USG calls remaining 10% convertibles; holders may opt for conversion

By Marisa Wong

Madison, Wis., March 18 - USG Corp. said it issued a notice of redemption on Tuesday to redeem the remaining $75 million principal amount of its outstanding 10% contingent convertible senior notes due 2018.

USG will redeem the convertible notes on April 17 at 105 plus accrued interest to the redemption date, for a total payment of $1,087.77 per $1,000 principal amount.

In lieu of redemption, holders may elect to convert their notes into shares of USG common stock before April 17. The notes are convertible into 87.7193 shares per $1,000 principal amount, which is equivalent to a conversion price of $11.40 per share.

Based on recent trading prices, USG believes that holders will choose to convert their notes rather than receive the redemption price.

USG stock closed at $34.29 (NYSE: USG) on March 18.

If all notes are converted to shares, there will be no accrued interest paid for the period since the last interest payment date.

To the extent holders do not elect to convert their notes prior to the redemption date, the company expects to use a combination of cash, cash equivalents and borrowings under its credit facilities to fund the redemption price.

In November, USG issued a notice of redemption to redeem the initial $325 million of the $400 million notes outstanding at that time.

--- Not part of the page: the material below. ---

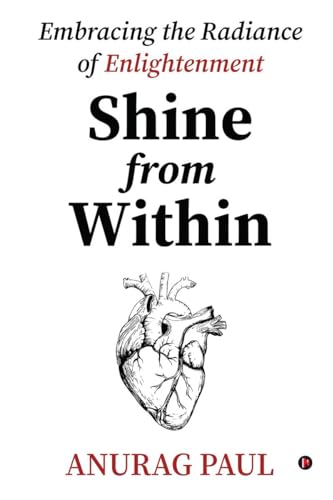 Shine from Within: Embracing the Radiance of Enlightenment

The company said that less than all of the outstanding notes were called in order to avoid limitations to its net operating loss carryforwards under the Internal Revenue Code in the event the ownership of some stockholders changes by more than 50% over a three-year period.

The company said that due to recent trading activity it believes it can now call the remaining 10% notes without the risk of any limitation on the use of its net operating loss carryforwards.

USG is a Chicago-based manufacturer and distributor of building systems.